**WORK ITEM:** In the material below, find the line containing "Seat Tarraco – 2.0TDi DSG Style, 4D, tažné" and the line containing "Schwarzkopf Professional Igora", then reproduce exactly both of them and every line between, and nothing else.

**MATERIALS PROVIDED:**

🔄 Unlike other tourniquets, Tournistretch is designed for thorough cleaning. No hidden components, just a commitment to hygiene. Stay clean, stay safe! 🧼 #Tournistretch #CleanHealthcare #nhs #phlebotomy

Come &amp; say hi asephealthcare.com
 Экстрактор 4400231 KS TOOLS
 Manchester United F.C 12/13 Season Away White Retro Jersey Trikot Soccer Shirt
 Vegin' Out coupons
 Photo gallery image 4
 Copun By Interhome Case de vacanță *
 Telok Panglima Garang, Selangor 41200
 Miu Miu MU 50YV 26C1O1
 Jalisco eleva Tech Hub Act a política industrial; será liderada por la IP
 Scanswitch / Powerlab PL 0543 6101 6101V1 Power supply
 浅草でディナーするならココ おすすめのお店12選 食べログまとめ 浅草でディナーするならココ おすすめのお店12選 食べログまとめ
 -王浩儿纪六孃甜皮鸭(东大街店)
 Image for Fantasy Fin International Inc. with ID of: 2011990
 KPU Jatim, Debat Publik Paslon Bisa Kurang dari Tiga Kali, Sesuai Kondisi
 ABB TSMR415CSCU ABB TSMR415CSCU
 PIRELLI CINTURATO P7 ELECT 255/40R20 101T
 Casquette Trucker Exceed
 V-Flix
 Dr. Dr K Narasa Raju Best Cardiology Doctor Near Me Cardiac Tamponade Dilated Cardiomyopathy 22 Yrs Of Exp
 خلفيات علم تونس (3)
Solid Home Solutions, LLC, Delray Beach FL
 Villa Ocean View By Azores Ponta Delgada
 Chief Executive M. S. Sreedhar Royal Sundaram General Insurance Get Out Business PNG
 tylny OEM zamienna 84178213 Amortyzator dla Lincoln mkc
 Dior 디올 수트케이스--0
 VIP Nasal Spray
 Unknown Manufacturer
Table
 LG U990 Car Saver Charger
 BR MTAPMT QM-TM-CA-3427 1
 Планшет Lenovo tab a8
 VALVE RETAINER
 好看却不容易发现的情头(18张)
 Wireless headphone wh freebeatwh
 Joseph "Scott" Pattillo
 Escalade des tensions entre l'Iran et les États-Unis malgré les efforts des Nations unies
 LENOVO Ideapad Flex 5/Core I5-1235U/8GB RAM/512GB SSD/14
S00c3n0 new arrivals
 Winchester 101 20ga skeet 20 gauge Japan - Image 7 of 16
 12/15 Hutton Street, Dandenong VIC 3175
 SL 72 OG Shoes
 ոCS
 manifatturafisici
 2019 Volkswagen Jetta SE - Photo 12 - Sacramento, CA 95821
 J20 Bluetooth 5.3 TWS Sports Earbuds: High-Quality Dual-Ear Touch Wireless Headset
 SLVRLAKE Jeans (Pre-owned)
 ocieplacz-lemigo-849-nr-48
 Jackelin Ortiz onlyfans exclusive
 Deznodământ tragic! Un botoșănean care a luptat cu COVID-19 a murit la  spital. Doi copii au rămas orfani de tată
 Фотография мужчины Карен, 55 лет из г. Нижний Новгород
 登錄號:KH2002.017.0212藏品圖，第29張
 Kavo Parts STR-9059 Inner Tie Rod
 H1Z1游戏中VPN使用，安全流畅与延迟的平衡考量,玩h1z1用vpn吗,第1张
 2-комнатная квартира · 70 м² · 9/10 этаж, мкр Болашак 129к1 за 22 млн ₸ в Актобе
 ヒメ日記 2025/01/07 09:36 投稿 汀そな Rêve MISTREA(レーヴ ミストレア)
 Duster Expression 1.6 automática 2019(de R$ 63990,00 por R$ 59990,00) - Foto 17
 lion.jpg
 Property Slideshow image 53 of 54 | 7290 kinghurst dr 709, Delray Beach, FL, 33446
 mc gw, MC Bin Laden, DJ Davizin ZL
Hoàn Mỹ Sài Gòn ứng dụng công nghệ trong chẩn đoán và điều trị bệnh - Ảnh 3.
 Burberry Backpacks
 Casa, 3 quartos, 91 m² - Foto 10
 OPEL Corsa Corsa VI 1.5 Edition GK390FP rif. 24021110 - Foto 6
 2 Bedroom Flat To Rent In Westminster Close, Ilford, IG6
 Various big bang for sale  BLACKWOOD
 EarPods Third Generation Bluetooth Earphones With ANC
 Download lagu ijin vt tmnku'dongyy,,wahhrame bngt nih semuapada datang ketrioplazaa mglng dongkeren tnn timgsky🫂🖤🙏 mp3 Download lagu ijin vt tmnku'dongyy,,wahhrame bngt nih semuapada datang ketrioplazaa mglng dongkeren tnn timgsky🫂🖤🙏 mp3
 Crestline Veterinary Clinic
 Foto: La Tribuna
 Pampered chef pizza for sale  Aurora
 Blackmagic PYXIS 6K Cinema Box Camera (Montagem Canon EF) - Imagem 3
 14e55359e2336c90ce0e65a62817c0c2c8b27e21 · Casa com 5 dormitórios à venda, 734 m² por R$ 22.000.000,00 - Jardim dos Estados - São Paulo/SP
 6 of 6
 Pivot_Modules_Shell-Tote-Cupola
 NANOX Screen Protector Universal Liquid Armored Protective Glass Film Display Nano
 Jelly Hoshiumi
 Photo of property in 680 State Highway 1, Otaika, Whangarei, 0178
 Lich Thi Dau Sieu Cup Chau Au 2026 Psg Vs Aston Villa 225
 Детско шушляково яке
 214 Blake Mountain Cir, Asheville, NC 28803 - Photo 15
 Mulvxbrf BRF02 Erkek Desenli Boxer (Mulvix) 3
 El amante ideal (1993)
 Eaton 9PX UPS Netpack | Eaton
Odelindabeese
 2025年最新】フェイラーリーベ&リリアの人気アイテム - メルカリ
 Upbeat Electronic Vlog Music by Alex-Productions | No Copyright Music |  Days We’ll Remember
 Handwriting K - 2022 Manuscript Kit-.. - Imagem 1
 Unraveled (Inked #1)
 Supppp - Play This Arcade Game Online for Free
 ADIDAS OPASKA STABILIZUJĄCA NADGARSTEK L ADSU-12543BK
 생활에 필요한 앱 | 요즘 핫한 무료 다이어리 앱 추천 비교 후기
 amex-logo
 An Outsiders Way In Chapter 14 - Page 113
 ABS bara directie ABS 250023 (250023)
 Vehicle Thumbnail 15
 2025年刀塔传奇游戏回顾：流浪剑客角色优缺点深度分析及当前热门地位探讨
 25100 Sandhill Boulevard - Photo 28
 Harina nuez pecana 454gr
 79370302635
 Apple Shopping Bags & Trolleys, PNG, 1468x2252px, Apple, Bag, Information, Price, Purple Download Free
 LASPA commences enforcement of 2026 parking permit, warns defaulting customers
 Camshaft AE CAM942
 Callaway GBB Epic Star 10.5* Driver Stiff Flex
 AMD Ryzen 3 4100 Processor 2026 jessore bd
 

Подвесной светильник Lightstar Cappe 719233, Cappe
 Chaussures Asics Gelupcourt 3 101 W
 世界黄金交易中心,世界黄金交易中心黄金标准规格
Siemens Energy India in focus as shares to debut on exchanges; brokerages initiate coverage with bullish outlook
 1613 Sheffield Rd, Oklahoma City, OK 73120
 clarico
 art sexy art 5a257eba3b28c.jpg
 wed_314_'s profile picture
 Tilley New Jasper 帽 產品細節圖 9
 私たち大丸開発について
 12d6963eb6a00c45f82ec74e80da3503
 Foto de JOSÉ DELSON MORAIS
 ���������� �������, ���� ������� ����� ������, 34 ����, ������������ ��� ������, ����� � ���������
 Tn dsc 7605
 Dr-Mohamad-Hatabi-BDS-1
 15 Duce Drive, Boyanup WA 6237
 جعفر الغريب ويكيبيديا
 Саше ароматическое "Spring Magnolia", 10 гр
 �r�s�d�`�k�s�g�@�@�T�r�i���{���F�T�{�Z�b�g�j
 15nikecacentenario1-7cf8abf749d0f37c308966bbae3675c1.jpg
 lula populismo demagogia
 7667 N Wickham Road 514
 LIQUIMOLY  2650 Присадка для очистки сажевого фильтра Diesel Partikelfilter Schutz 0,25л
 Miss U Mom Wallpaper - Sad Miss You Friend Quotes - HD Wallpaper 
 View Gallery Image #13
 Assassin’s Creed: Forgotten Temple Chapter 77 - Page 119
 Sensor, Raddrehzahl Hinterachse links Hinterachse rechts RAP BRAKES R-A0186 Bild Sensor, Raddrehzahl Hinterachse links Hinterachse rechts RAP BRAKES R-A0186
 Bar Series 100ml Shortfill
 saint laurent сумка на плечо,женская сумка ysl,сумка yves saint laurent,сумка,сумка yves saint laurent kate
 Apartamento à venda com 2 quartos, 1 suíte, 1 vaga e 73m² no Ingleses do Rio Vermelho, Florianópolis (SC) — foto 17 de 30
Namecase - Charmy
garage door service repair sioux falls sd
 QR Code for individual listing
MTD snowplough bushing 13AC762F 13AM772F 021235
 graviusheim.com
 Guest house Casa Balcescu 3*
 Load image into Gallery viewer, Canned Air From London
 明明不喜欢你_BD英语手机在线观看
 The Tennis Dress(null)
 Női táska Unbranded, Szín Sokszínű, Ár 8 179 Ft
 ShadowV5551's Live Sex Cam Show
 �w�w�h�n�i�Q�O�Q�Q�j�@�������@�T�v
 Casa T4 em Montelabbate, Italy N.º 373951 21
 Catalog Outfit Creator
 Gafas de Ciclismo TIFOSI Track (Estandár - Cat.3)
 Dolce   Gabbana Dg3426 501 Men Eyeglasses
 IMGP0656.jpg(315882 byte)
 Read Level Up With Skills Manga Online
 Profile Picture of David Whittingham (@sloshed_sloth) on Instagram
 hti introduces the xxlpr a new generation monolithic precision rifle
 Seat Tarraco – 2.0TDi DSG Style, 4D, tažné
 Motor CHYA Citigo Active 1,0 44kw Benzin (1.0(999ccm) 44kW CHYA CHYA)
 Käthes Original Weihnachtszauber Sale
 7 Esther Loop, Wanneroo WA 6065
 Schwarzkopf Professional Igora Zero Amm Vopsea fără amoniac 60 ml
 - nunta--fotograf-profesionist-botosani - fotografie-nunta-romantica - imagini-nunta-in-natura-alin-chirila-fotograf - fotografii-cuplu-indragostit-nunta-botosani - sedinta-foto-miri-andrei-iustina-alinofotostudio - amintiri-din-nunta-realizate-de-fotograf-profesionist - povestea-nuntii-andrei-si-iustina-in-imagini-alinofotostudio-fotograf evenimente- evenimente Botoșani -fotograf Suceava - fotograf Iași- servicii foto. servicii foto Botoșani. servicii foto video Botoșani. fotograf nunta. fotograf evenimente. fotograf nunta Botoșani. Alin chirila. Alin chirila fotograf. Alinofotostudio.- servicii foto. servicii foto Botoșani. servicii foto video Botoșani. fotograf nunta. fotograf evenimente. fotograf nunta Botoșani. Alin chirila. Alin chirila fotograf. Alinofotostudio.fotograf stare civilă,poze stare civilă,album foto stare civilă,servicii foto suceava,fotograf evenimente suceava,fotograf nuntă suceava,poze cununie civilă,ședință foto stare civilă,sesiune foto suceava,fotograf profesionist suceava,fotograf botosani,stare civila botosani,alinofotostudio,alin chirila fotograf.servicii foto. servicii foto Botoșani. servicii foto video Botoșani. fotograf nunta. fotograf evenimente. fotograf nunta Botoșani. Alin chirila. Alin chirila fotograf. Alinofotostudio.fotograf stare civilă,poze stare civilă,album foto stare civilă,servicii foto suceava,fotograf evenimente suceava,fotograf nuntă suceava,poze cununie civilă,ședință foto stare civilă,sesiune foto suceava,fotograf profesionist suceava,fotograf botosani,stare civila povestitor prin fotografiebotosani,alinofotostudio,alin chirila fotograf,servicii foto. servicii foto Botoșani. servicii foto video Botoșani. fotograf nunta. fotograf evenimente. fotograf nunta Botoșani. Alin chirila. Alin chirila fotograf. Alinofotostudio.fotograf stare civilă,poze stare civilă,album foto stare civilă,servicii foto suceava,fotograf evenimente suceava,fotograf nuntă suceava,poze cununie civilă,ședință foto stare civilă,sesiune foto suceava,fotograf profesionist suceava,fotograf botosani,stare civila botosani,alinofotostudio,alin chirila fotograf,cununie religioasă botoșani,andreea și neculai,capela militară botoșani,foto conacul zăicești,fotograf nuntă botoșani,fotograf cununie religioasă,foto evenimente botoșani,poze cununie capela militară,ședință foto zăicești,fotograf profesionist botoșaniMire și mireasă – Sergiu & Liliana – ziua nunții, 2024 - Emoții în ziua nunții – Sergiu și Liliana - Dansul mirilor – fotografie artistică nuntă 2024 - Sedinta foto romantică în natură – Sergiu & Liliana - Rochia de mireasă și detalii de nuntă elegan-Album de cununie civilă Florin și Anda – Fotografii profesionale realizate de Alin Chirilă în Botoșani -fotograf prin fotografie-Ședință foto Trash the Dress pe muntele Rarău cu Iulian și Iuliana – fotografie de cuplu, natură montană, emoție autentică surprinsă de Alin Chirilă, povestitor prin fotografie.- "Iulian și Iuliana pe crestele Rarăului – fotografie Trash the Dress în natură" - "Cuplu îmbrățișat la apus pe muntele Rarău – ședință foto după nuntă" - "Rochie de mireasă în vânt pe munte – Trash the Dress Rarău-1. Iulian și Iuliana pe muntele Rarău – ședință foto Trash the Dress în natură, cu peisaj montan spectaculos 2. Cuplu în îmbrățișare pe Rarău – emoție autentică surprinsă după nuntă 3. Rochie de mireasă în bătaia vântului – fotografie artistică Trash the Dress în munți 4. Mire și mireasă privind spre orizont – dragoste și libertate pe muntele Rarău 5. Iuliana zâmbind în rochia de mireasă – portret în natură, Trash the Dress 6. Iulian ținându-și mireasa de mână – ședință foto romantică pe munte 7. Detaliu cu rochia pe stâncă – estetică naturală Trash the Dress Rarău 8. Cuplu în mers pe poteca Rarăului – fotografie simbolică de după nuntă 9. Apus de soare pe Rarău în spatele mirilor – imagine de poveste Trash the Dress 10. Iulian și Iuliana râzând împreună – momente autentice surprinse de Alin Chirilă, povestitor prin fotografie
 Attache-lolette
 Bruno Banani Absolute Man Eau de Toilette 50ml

**RESPONSE TO THIS TASK:**
 Seat Tarraco – 2.0TDi DSG Style, 4D, tažné
 Motor CHYA Citigo Active 1,0 44kw Benzin (1.0(999ccm) 44kW CHYA CHYA)
 Käthes Original Weihnachtszauber Sale
 7 Esther Loop, Wanneroo WA 6065
 Schwarzkopf Professional Igora Zero Amm Vopsea fără amoniac 60 ml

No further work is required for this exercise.